Reproduce the data exactly and drop any pictures it holds.
[INFORMATION GIVEN]
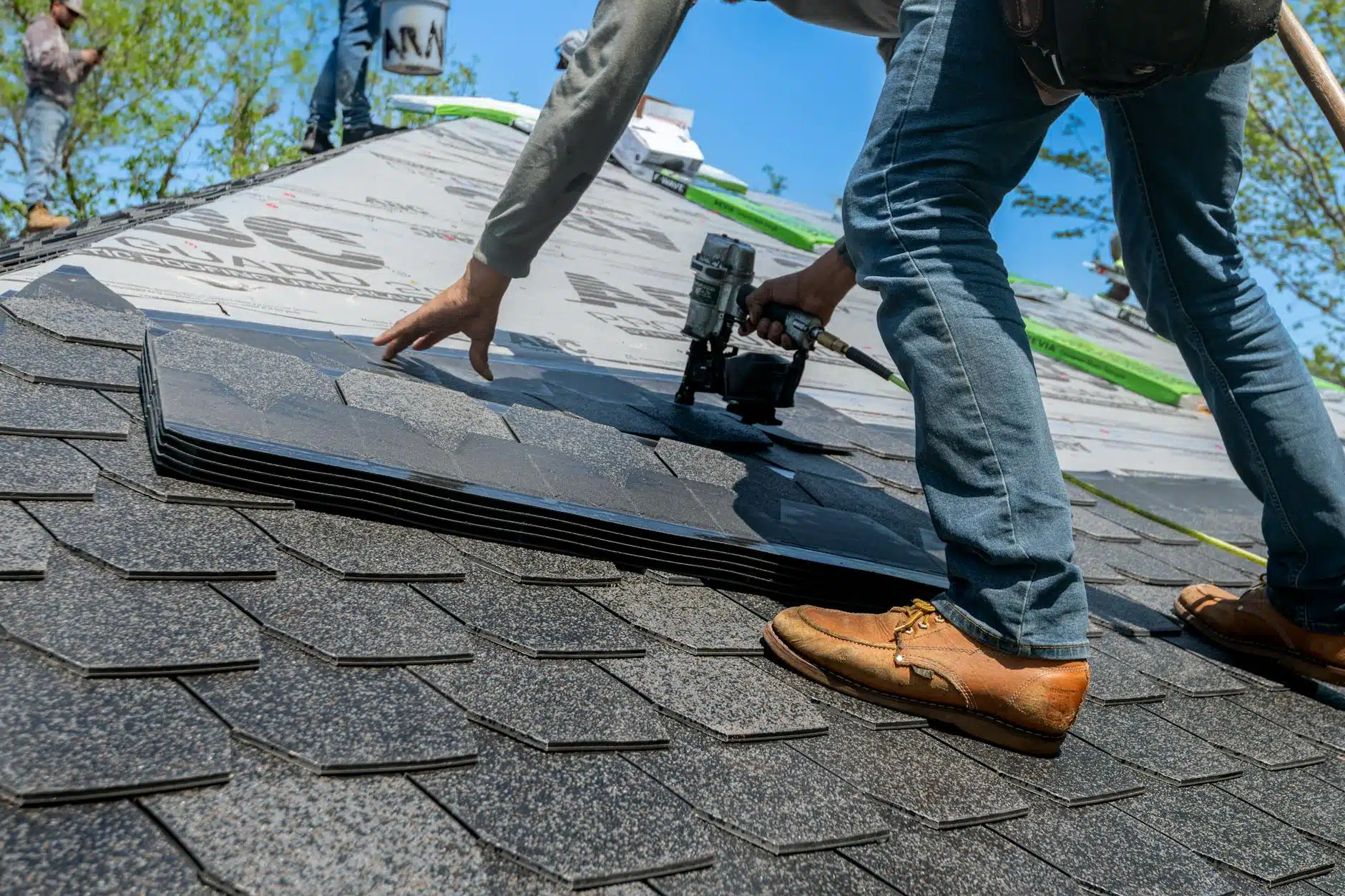 roofers working on new roof installation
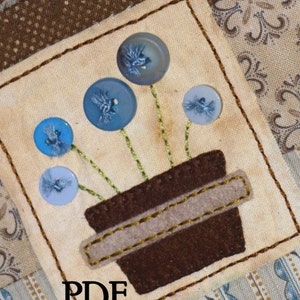 Pode incluir: Um padrão PDF para uma parede acolchoada com um vaso marrom com botões azuis e brancos costurados como flores. O texto "PDF PATTERN" está impresso abaixo da imagem.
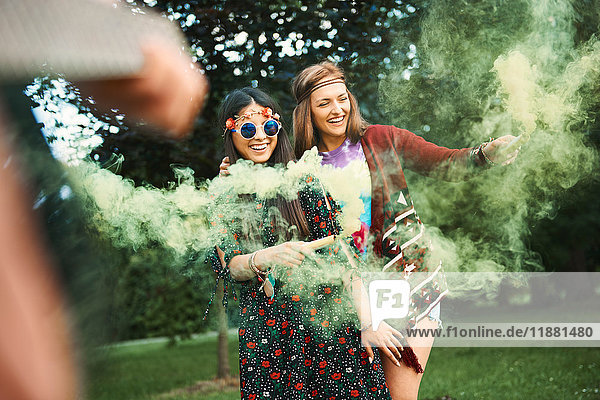Junge Boho-Frauen tanzen mit grüner Rauchfahne auf dem Festival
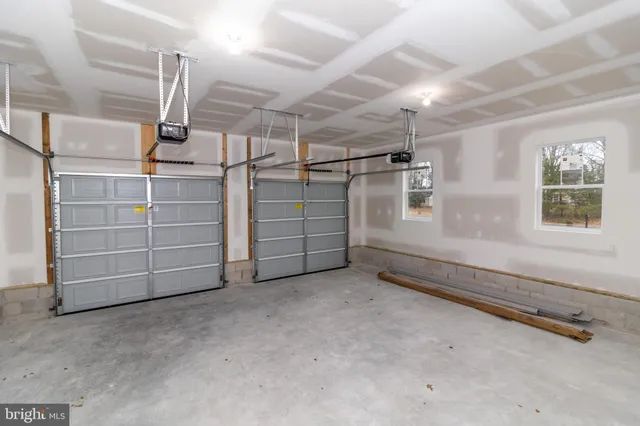 a sign board with a building in the background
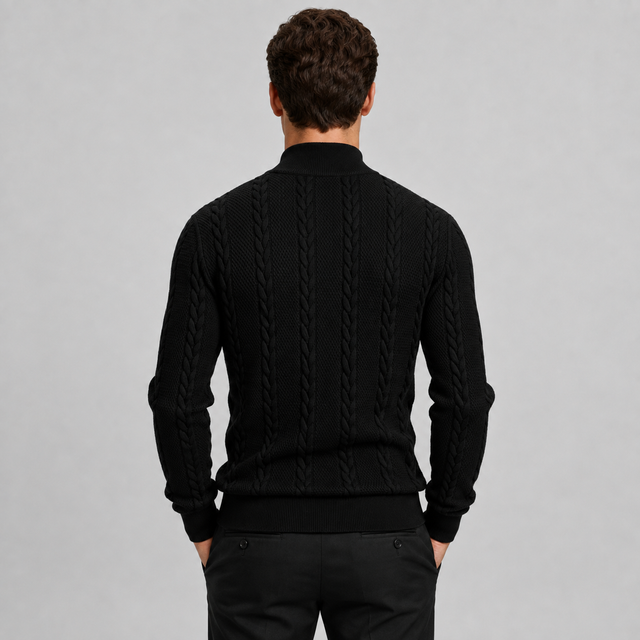 A man viewed from behind wearing a black cable-knit mock-neck sweater and black trousers, standing against a solid light gray studio background.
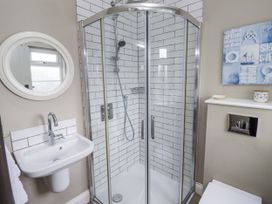 A bathroom with shower, sink, and mirror at Driftwood in 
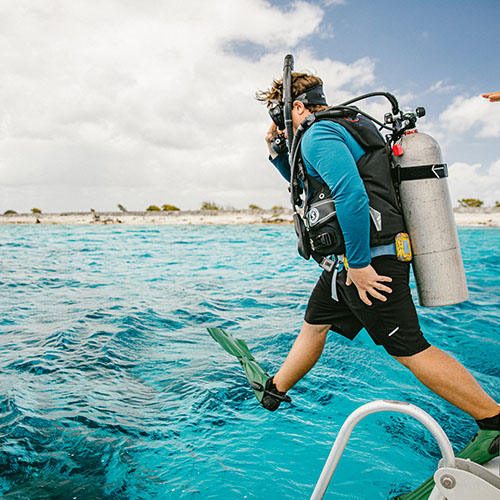 Man jumping into the water wearing scuba diving gear in bonaire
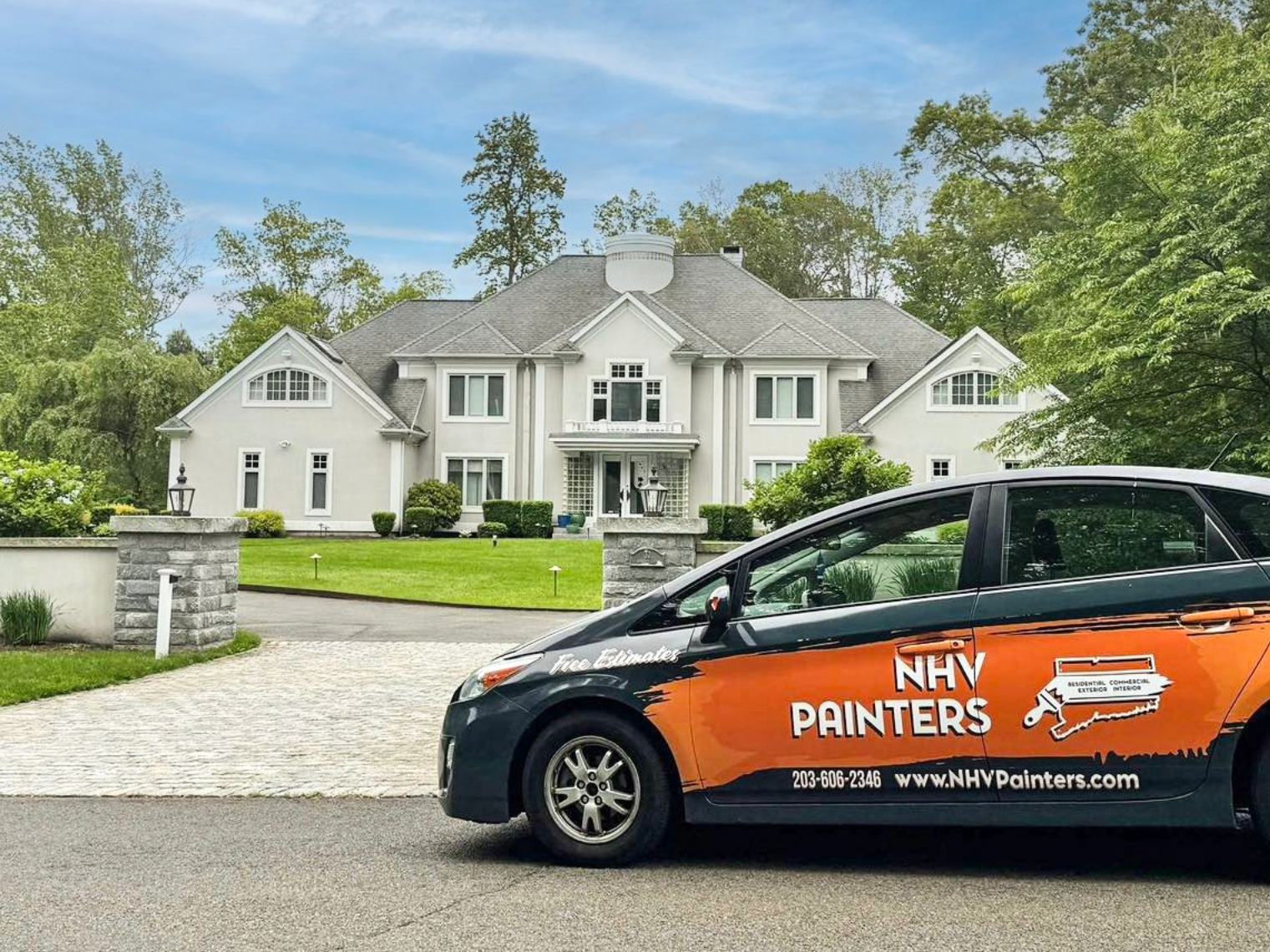 A large yellow house with a lush green lawn in front of it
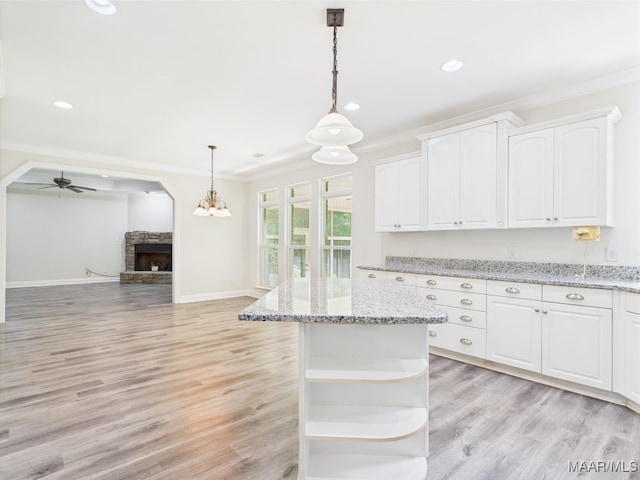 175 Rosemere Dr, Tallassee, AL 36078 - kitchen featuring a fireplace, open shelves, crown molding, white cabinets, and decorative light fixtures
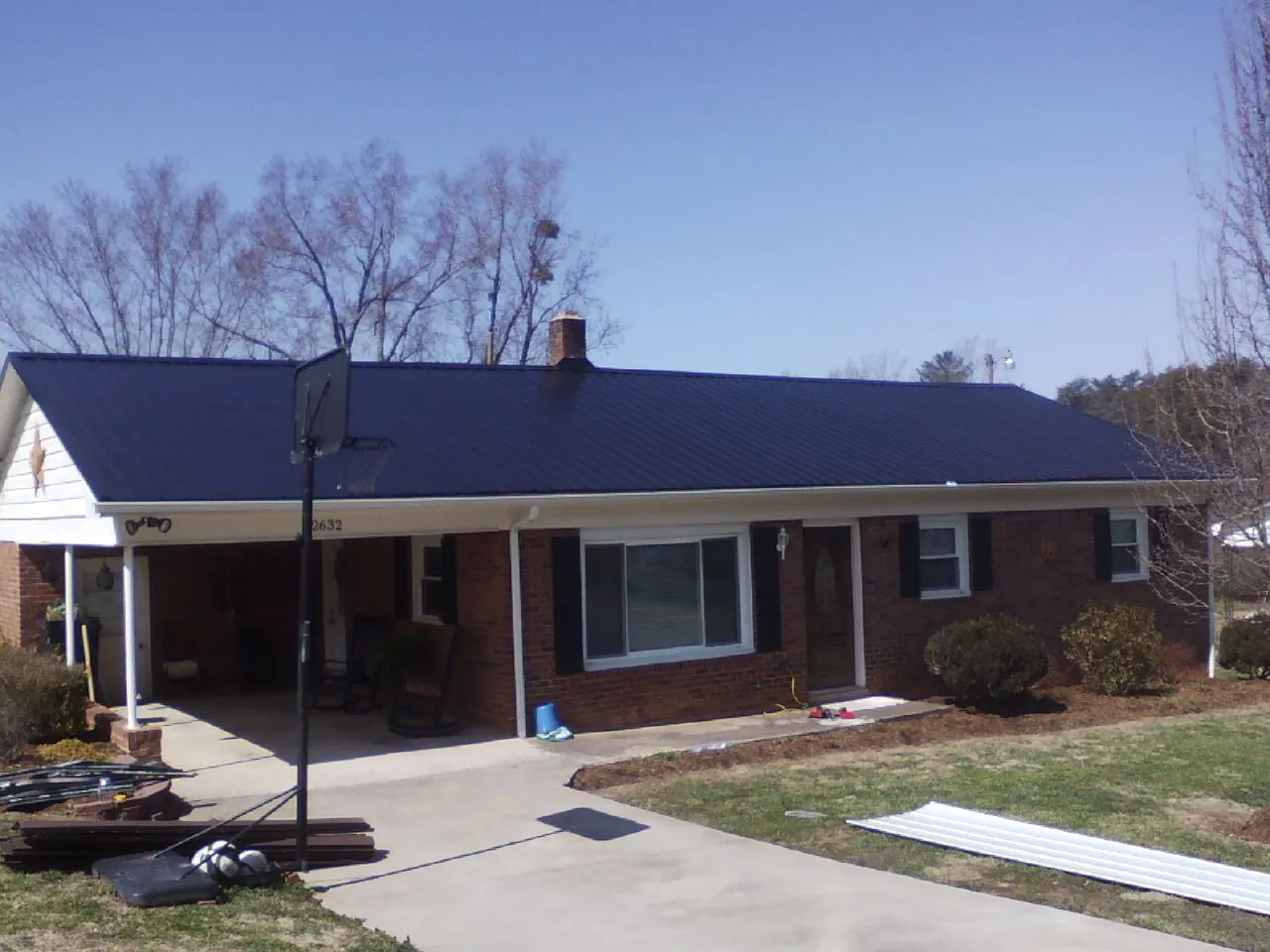 Finished dark blue metal roof on a brick ranch with a carport in Trinity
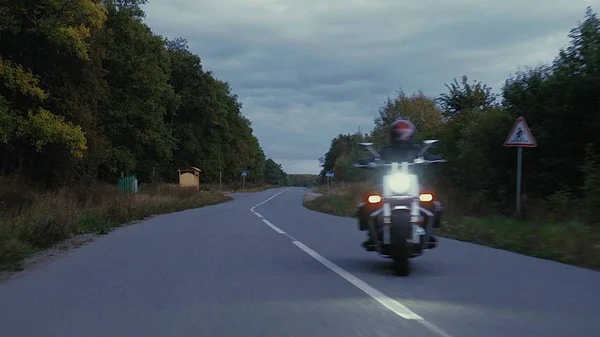 Een man rijdt een motorfiets een weg in bos — Stockfoto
[/INFORMATION GIVEN]
- EXERCISE RESULT -
 roofers working on new roof installation
 Pode incluir: Um padrão PDF para uma parede acolchoada com um vaso marrom com botões azuis e brancos costurados como flores. O texto "PDF PATTERN" está impresso abaixo da imagem.
Junge Boho-Frauen tanzen mit grüner Rauchfahne auf dem Festival
 a sign board with a building in the background
 A man viewed from behind wearing a black cable-knit mock-neck sweater and black trousers, standing against a solid light gray studio background.
 A bathroom with shower, sink, and mirror at Driftwood in 
 Man jumping into the water wearing scuba diving gear in bonaire
 A large yellow house with a lush green lawn in front of it
 175 Rosemere Dr, Tallassee, AL 36078 - kitchen featuring a fireplace, open shelves, crown molding, white cabinets, and decorative light fixtures
 Finished dark blue metal roof on a brick ranch with a carport in Trinity
 Een man rijdt een motorfiets een weg in bos — Stockfoto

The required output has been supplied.